News
2 min

Embracing Mr Ottawa Bear

There's a warm, fuzzy front moving into town

They’re big and burly, hairy and hefty and they’re heating up our snowy city.

The Ottawa Bears are competing for the Mr Ottawa Bear title. The winner of this masculine beauty contest becomes the ambassador of the Ottawa Bears, which spells fame within this small but sexy ursine community.

The contest is still in the works as the Ottawa Bears round up worthy contestants. Nicholas Brazeau is sponsoring the event with his laser-light company, Chikaboom. Brazeau has felt at home within the bears’ community for several years.

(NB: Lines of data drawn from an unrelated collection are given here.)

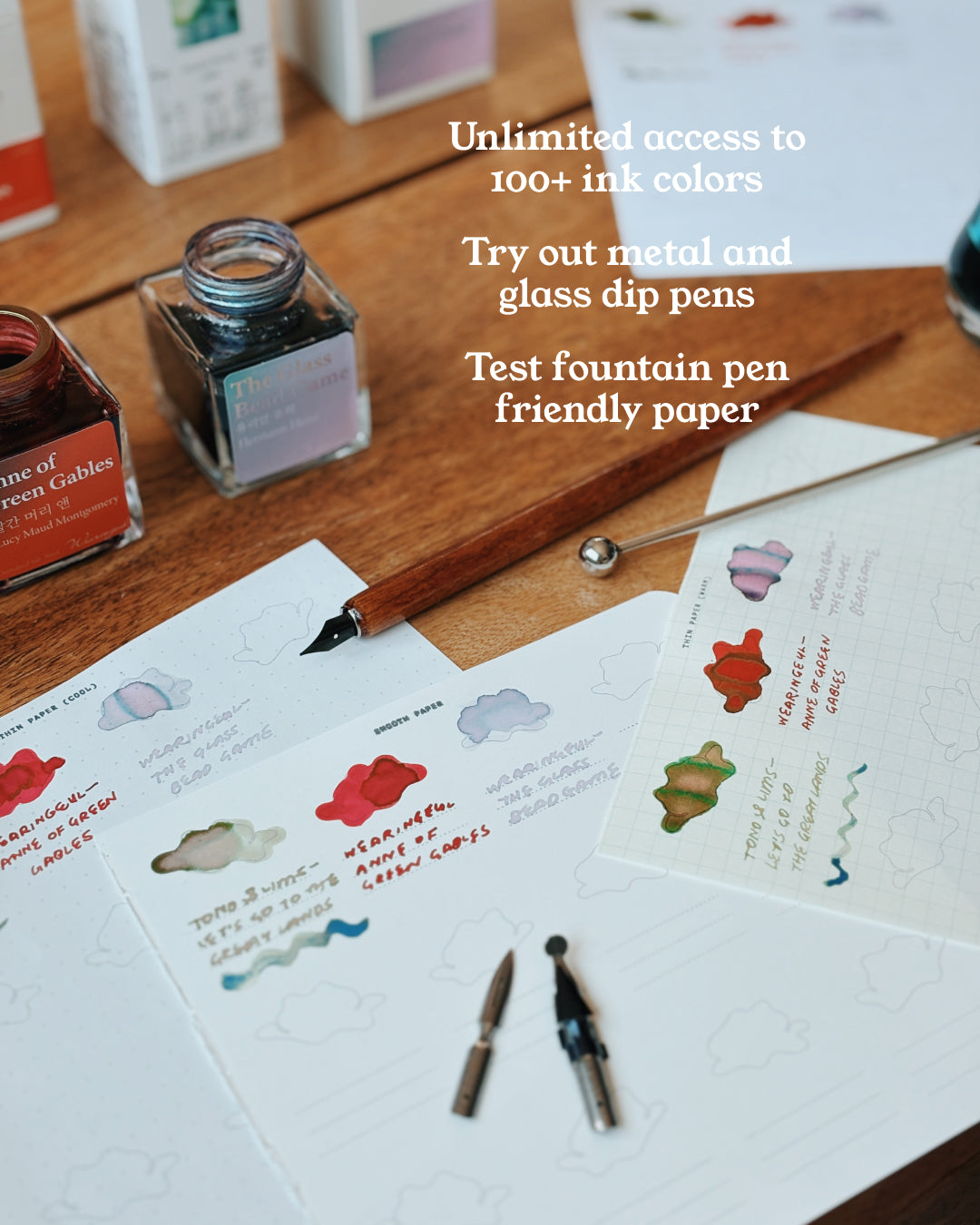 Ink Swatching Session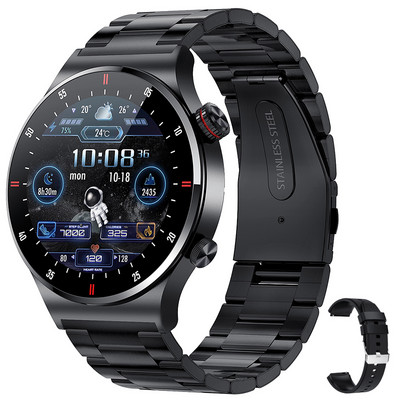 ECG+PPG Bluetooth Call Smart Watch 2022 Bărbați Ceas Sport Full Touch Tracker Sănătate Bărbați Smartwatch Bărbat Impermeabil pentru Android Ios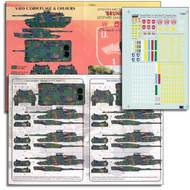  Echelon Fine Details  1/35 Spanish Mech. Div. 'Brunete' Leopard MBT 2 A4s T35001
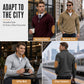 Hot Sale 50% OFF💖Men's Casual Plush Half-Zip Pullover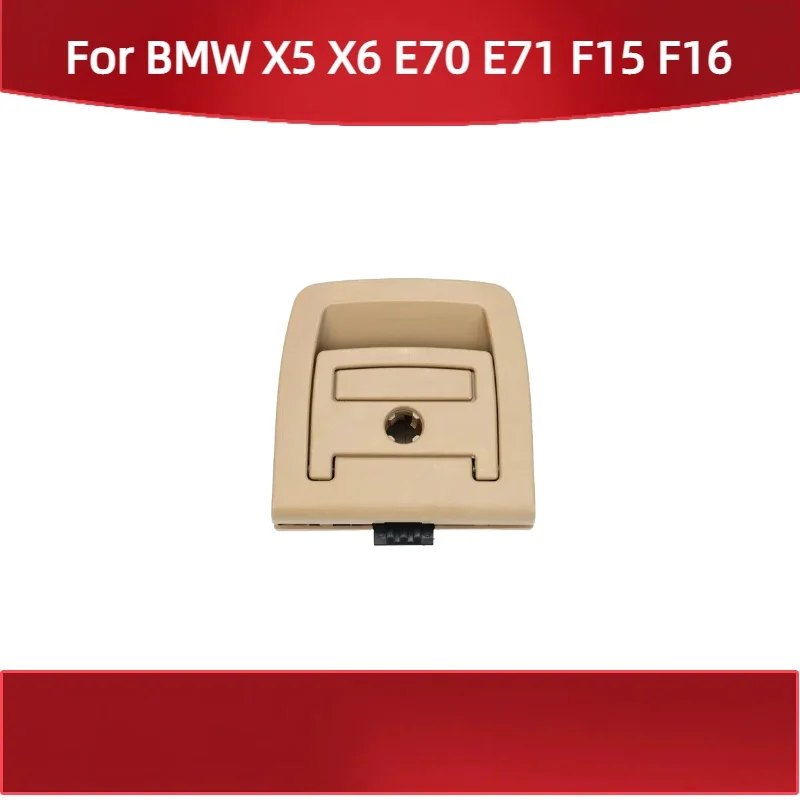 

For BMW X5 X6 E70 E71 F15 F16 trunk handle cover plate trunk handle spare tire handle for tail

“I’m a little cub! I’m full of energy, very social and creative. My appreciation for bears goes back to the first time I saw my big, hairy farmer neighbour sweating on his tractor. He was shirtless in his jean-coveralls. I was about eight years old and I had to away run behind the barn. I realised that day that I was different from the other kids. Now what really does it for me is the smell of an unshaved man at the hunting cottage!”

Like other gay subcultures, interest in bears has waxed and waned. But our hefty and hirsute brethren have been with us all along. Bears are typically gay or bisexual men with hairy bodies, facial hair and quite often heavier-set physiques. The distinguishing qualities are debated within certain communities; what people agree on is that bears self-identify as such, and tend to have more masculine qualities.

The subculture originated in San Francisco in the 1980s as an outgrowth of the gay biker and then later the leather and “girth and mirth” communities. It was created by men who felt that mainstream gay culture was unwelcoming to those who did not fit the stereotypical gay body norm — being young, hairless and trim.

Initially, those with a penchant for the hairy manly-man had to travel to San Francisco to find a unique “blue collar” gay bar, filled with a masculine-identified crowd. But as more gay men identified as bears and the internet provide greater social networking, social clubs and bear bars sprouted up across North America.

The Ottawa Bears are one such club. The bilingual social group includes activities that run from the squeaky-clean games nights, movie nights, bowling and brunches to bar-socials and bear chasing. And all admit that there’s some seriously fun chasing that takes place between polar bears (older), grizzly bears (heavier), cubs (young bears), otters (small and sleek) and their admirers.

They’re currently recruiting members including through Facebook and the 2008 Mr Ottawa Bear contest takes place in January at Swizzles. All bears, cubs and otters who identify with the community are welcome to participate. Strut your stuff and perfect your nasty growl to win our city’s title.